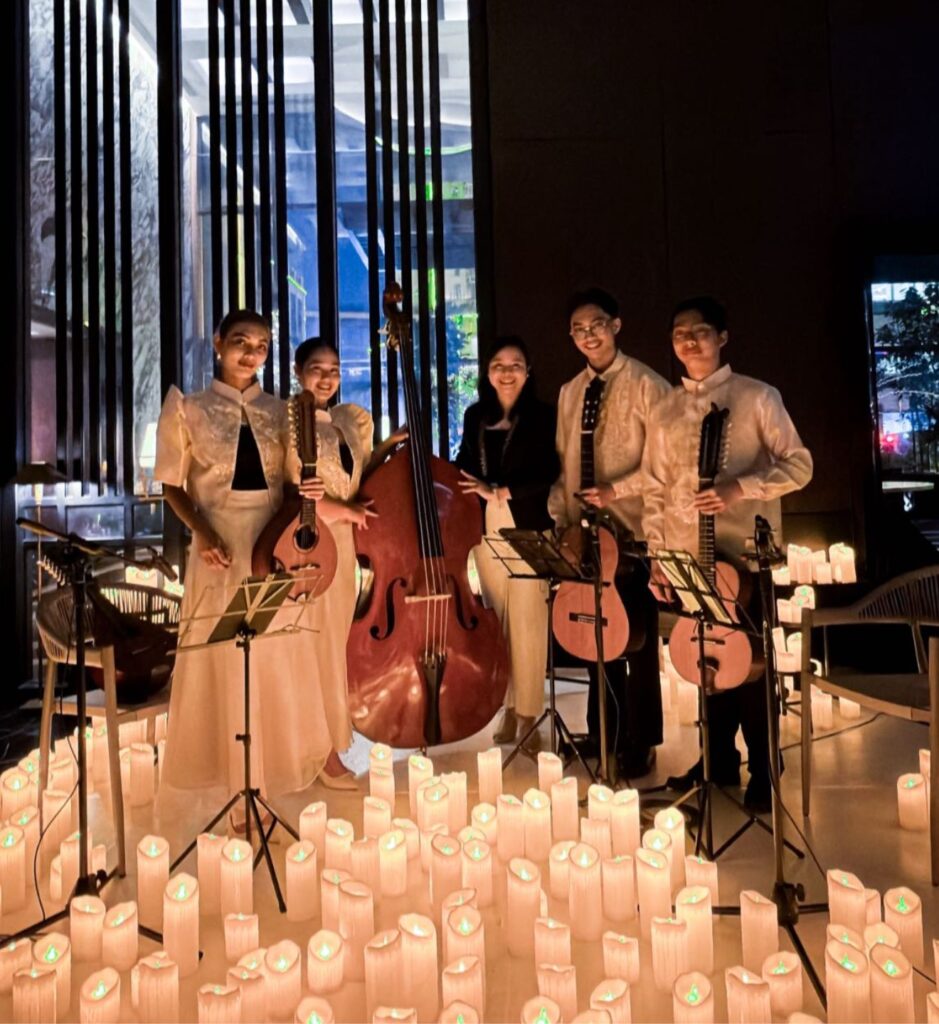 The Musiko Filipino Rondalla titled Dilaab: Candlelit Experiences.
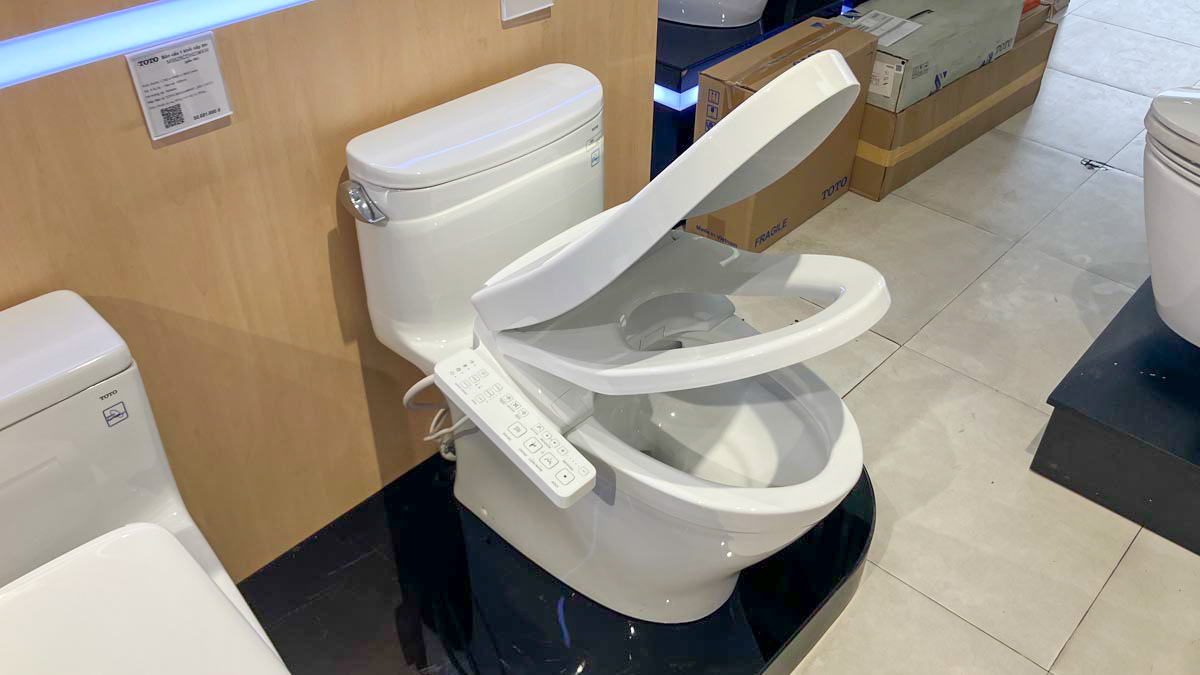Bồn cầu TOTO MS887RW24 1 khối nắp điện tử Washlet S2 TCF33461GAA - 14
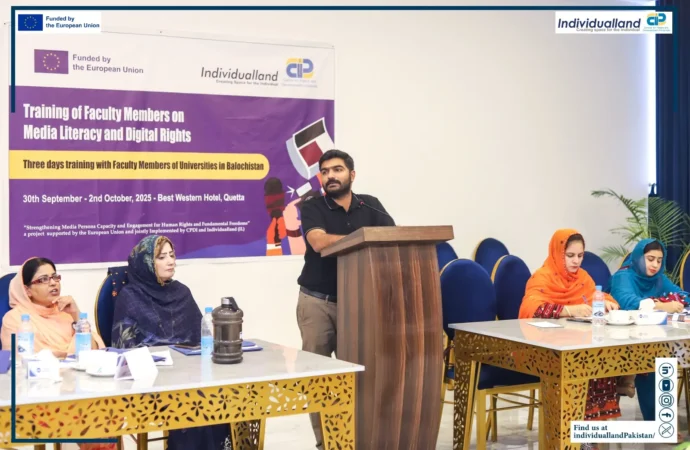 بلوچستان کے 500 سے زائد اساتذہ اور طلباء کو میڈیا انفارمیشن لٹریسی کی تربیت دی جائے گی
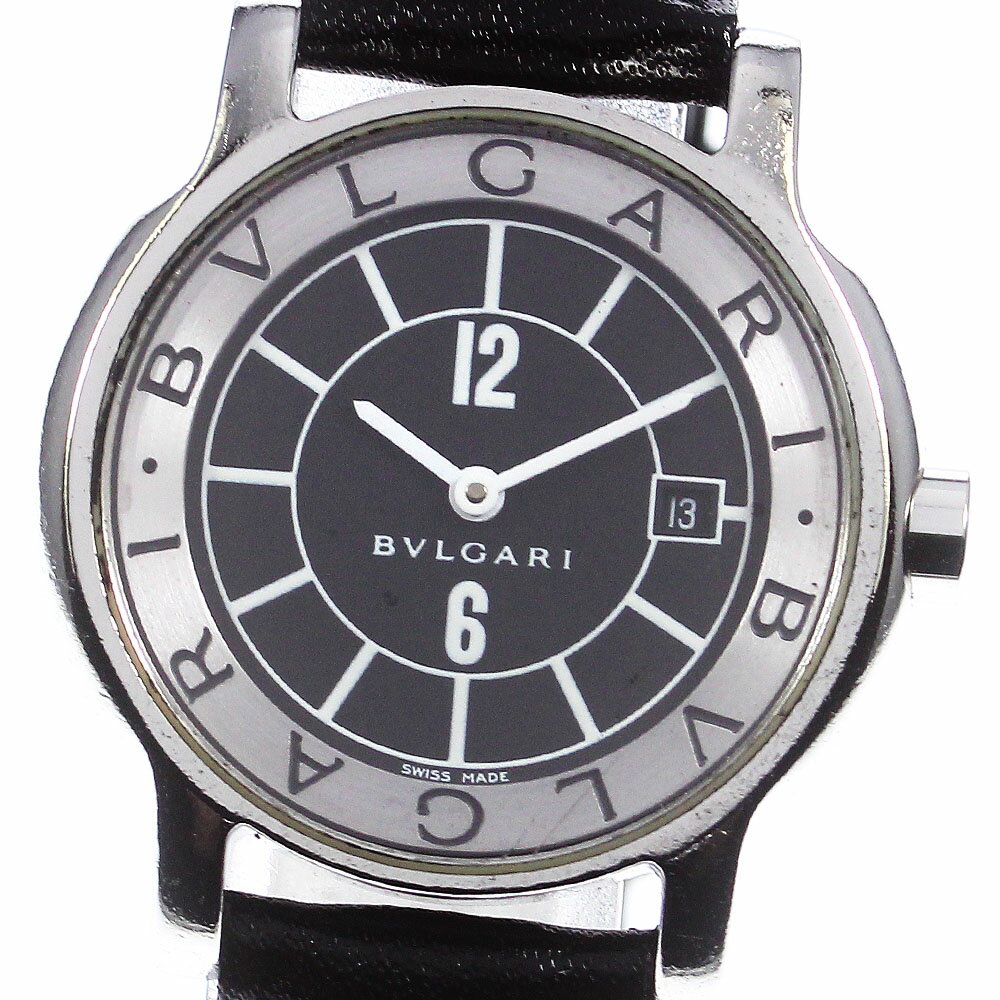 ブルガリ BVLGARI ST29S ソロテンポ デイト クォーツ レディース _767357【中古】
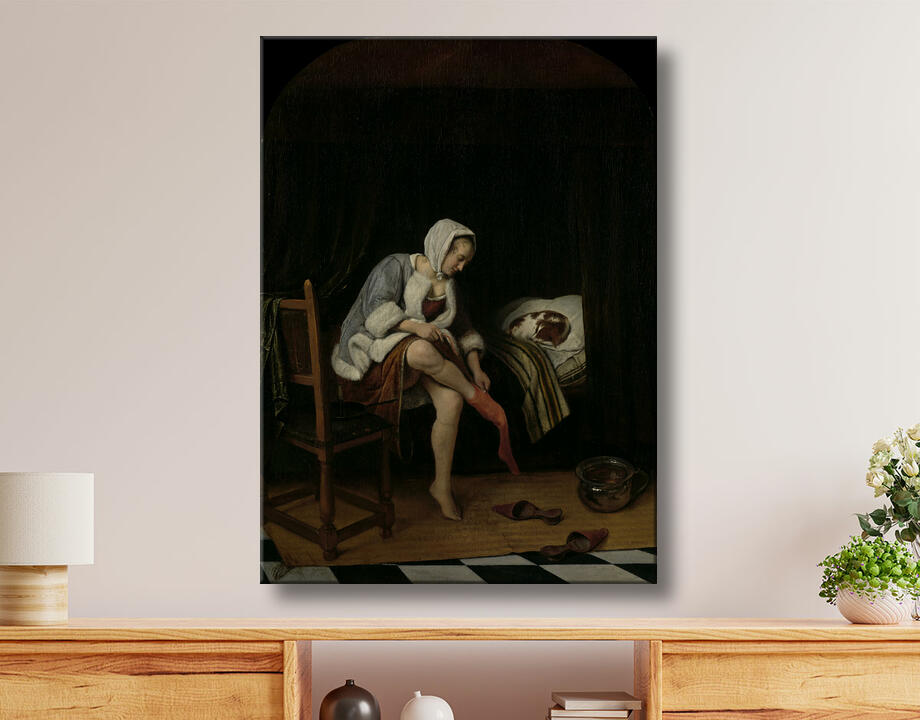 Jan Havicksz. Steen : Femme à sa toilette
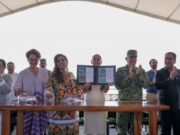 Claudia Sheinbaum y Mara Lezama celebran el primer aniversario e inauguran tramos 6 y 7 del Tren Maya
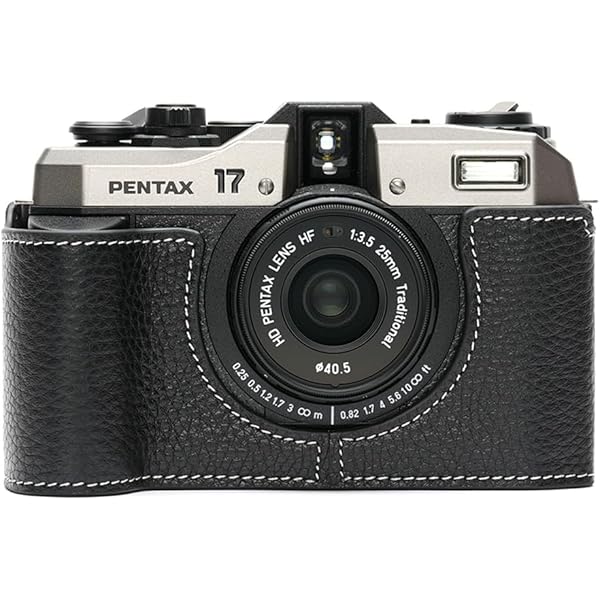 Amazon.co.jp: ペンタックス PENTAX Q用本革レンズカバー付カメラ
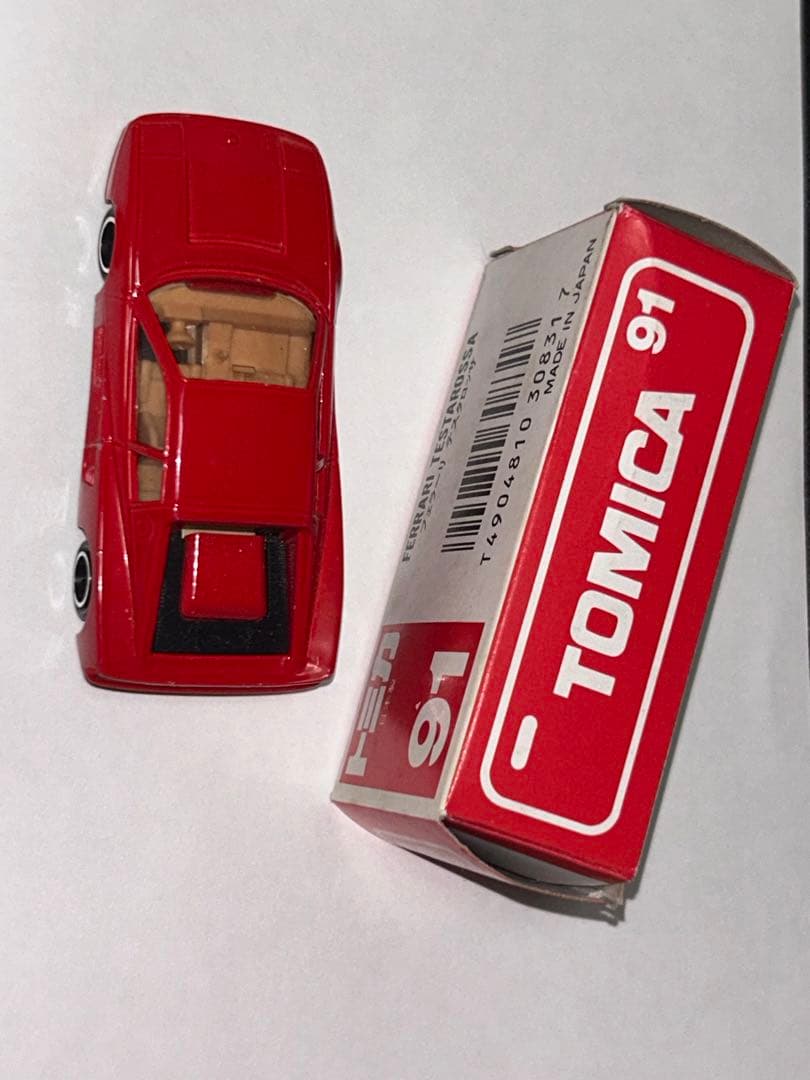 トミカ 日本製 赤箱 91 フェラーリ テスタロッサ　美品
-- -- --
Each line above is to be repeated exactly as written; no picture is carried over.

 The Musiko Filipino Rondalla titled Dilaab: Candlelit Experiences.
Bồn cầu TOTO MS887RW24 1 khối nắp điện tử Washlet S2 TCF33461GAA - 14
 بلوچستان کے 500 سے زائد اساتذہ اور طلباء کو میڈیا انفارمیشن لٹریسی کی تربیت دی جائے گی
 ブルガリ BVLGARI ST29S ソロテンポ デイト クォーツ レディース _767357【中古】
 Jan Havicksz. Steen : Femme à sa toilette
 Claudia Sheinbaum y Mara Lezama celebran el primer aniversario e inauguran tramos 6 y 7 del Tren Maya
 Amazon.co.jp: ペンタックス PENTAX Q用本革レンズカバー付カメラ
 トミカ 日本製 赤箱 91 フェラーリ テスタロッサ　美品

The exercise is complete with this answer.